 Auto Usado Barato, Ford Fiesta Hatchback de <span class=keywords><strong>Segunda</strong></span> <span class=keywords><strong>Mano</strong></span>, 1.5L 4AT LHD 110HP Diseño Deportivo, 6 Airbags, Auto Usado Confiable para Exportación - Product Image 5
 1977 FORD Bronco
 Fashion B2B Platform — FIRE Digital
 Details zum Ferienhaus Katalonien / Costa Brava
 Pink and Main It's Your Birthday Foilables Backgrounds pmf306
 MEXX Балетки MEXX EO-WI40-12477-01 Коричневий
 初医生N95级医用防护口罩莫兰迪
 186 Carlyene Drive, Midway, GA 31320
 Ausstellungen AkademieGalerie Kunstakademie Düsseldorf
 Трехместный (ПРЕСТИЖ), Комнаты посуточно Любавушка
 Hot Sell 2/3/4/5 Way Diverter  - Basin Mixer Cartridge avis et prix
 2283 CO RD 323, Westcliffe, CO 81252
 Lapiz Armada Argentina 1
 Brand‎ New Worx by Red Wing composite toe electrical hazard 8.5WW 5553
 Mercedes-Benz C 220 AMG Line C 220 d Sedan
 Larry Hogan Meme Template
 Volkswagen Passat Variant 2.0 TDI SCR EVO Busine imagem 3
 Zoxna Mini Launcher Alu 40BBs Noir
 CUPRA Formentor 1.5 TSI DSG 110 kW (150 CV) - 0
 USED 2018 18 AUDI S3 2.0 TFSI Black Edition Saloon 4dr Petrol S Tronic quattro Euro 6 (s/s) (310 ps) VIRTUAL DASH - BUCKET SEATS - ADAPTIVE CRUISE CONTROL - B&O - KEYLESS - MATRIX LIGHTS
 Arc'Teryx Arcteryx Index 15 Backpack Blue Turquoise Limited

What is required: Repeat all the data, every line exactly.

Worked solution:
 Auto Usado Barato, Ford Fiesta Hatchback de <span class=keywords><strong>Segunda</strong></span> <span class=keywords><strong>Mano</strong></span>, 1.5L 4AT LHD 110HP Diseño Deportivo, 6 Airbags, Auto Usado Confiable para Exportación - Product Image 5
 1977 FORD Bronco
 Fashion B2B Platform — FIRE Digital
 Details zum Ferienhaus Katalonien / Costa Brava
 Pink and Main It's Your Birthday Foilables Backgrounds pmf306
 MEXX Балетки MEXX EO-WI40-12477-01 Коричневий
 初医生N95级医用防护口罩莫兰迪
 186 Carlyene Drive, Midway, GA 31320
 Ausstellungen AkademieGalerie Kunstakademie Düsseldorf
 Трехместный (ПРЕСТИЖ), Комнаты посуточно Любавушка
 Hot Sell 2/3/4/5 Way Diverter  - Basin Mixer Cartridge avis et prix
 2283 CO RD 323, Westcliffe, CO 81252
 Lapiz Armada Argentina 1
 Brand‎ New Worx by Red Wing composite toe electrical hazard 8.5WW 5553
 Mercedes-Benz C 220 AMG Line C 220 d Sedan
 Larry Hogan Meme Template
 Volkswagen Passat Variant 2.0 TDI SCR EVO Busine imagem 3
 Zoxna Mini Launcher Alu 40BBs Noir
 CUPRA Formentor 1.5 TSI DSG 110 kW (150 CV) - 0
 USED 2018 18 AUDI S3 2.0 TFSI Black Edition Saloon 4dr Petrol S Tronic quattro Euro 6 (s/s) (310 ps) VIRTUAL DASH - BUCKET SEATS - ADAPTIVE CRUISE CONTROL - B&O - KEYLESS - MATRIX LIGHTS
 Arc'Teryx Arcteryx Index 15 Backpack Blue Turquoise Limited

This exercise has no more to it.